The accounting firm has saved $45 million by reducing retention costs.
"We're hiring people for long-term careers. All of us have commitments to our families and things that are important to us outside of work, and we'll work together to figure out a way to make things happen as they come up," Deloitte's Stevens said.
In the U.S., 53.2 percent of married couples have both spouses in the work force compared with 22 percent where just the husband works and 7.4 percent where only the wife works, according to U.S. Census data.
"Companies that address flexible work schedules really understand the varying situations that their employees are in," said Lynette Rasmussen, director of the Utah Office of Work & Family Life. "If you're so rigid that you can't adapt to the fluctuating situations that are happening in your employees lives, then I think you're being pretty shortsighted."

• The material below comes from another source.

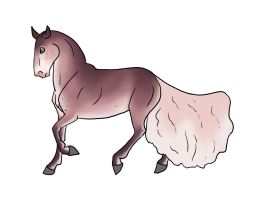 Thumbnail for 7007 PPC Pinkity Drinkity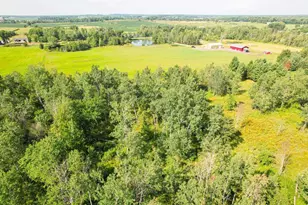7218 Cty Road Hh, Vesper, WI 54489 - Photo 30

For some hesitant companies, it's an issue of trust when employees and managers lack face time.
The solution is a shift from a "face-time" oriented workplace to one that is "results-based," said BYU's Hill, who worked at IBM for 25 years and helped develop a flexible work environment. Hill said some companies resist flexible work environments because managers are concerned that they can't measure productivity unless they can see their employees.
"If you have a distrustful organization, the assumption by management is that the employees are going to get away with as little work as possible," Hill said. "The research I have done shows that people do their job better when their manager isn't observing them do it. In companies that I've worked with, there is resistance until they have experience with (flextime)."
Trust isn't an issue in flexibility if you hire people who are competitive and "want to win," Jill Layfield, CEO of Backcountry.com, said in an interview at the company's Park City headquarters.
"If you hire the right people, they will get the job done," Layfield said. "It's our job to hire the right people, not tell them to be here from nine to five."